Problem description>
Reproduce every entry below precisely; do not include the pictures.

Exercise data>
↓

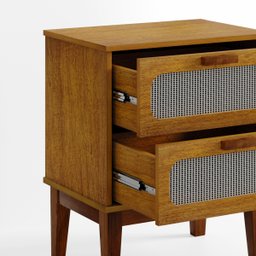 Mesa de Cabeceira Moderna de 2 Gavetas Santorini 45cm Nature - 1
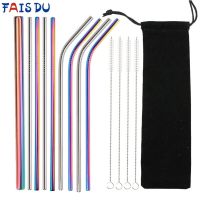 FAIS DU Reusable Drinking Straw Metal Straws 304 Stainless Steel Straws Set with Brush Straight Bent Bar Party Accessory Barware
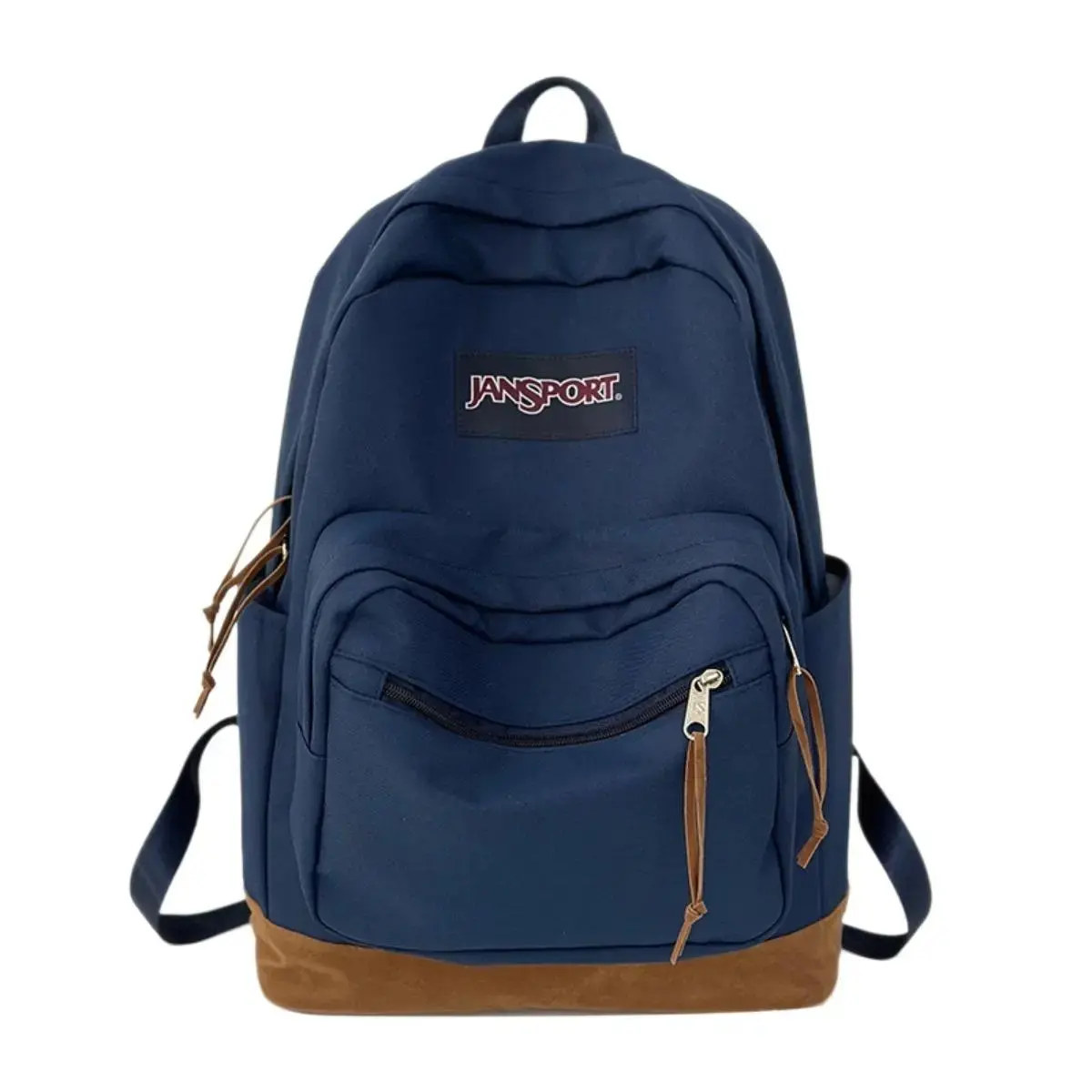 JanSport Retro Navy Blue College Backpack with Built-in 15-inch Laptop Sleeve, Suede Reinforced Bottom, Padded Ergonomic Straps, Durable Campus Travel Bookbag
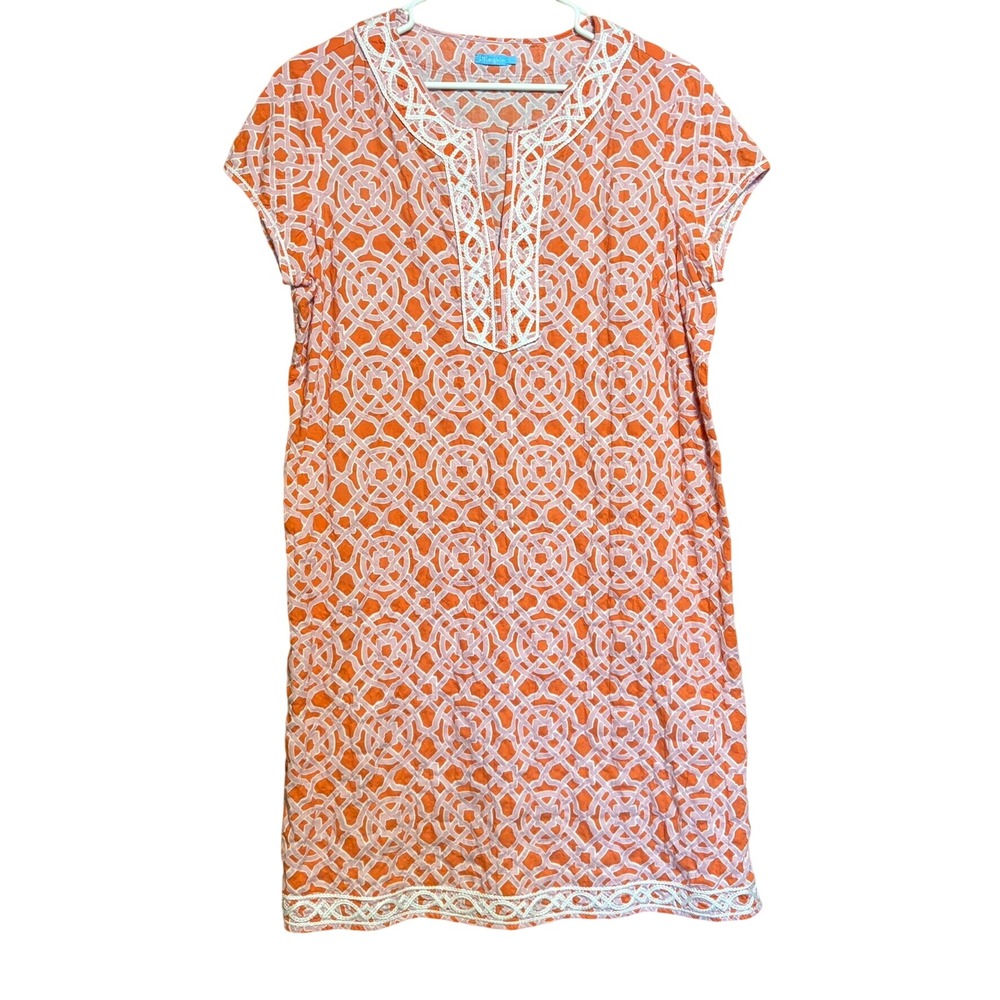 J.McLaughlin Shift Dress L Orange Geometric Lattice Embroidered Preppy Coastal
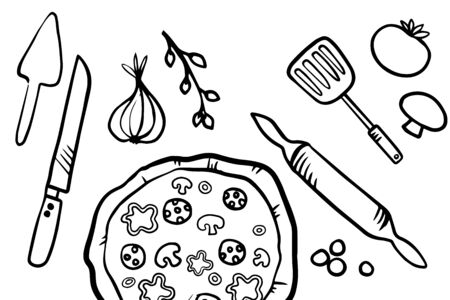 Italian pizza and ingredients top view frame. Italian food menu design template. Vintage hand drawn sketch, vector illustration. Engraved style illustration. Pizza label for menu.のイラスト素材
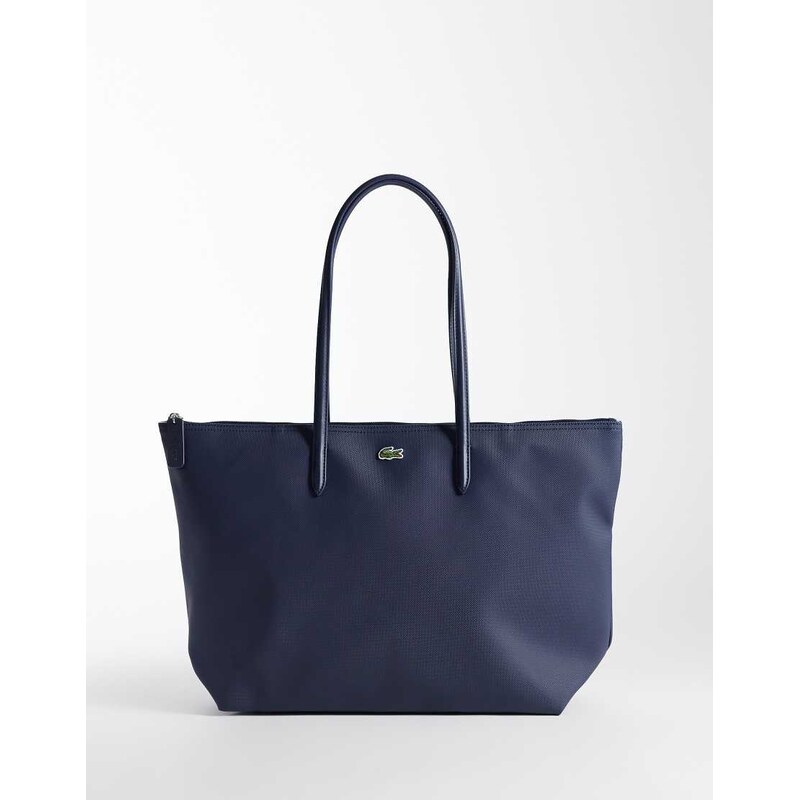 Lacoste logo shopper tote bag in navy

↑

Solution>
 Mesa de Cabeceira Moderna de 2 Gavetas Santorini 45cm Nature - 1
 FAIS DU Reusable Drinking Straw Metal Straws 304 Stainless Steel Straws Set with Brush Straight Bent Bar Party Accessory Barware
 JanSport Retro Navy Blue College Backpack with Built-in 15-inch Laptop Sleeve, Suede Reinforced Bottom, Padded Ergonomic Straps, Durable Campus Travel Bookbag
 J.McLaughlin Shift Dress L Orange Geometric Lattice Embroidered Preppy Coastal
 Italian pizza and ingredients top view frame. Italian food menu design template. Vintage hand drawn sketch, vector illustration. Engraved style illustration. Pizza label for menu.のイラスト素材
 Lacoste logo shopper tote bag in navy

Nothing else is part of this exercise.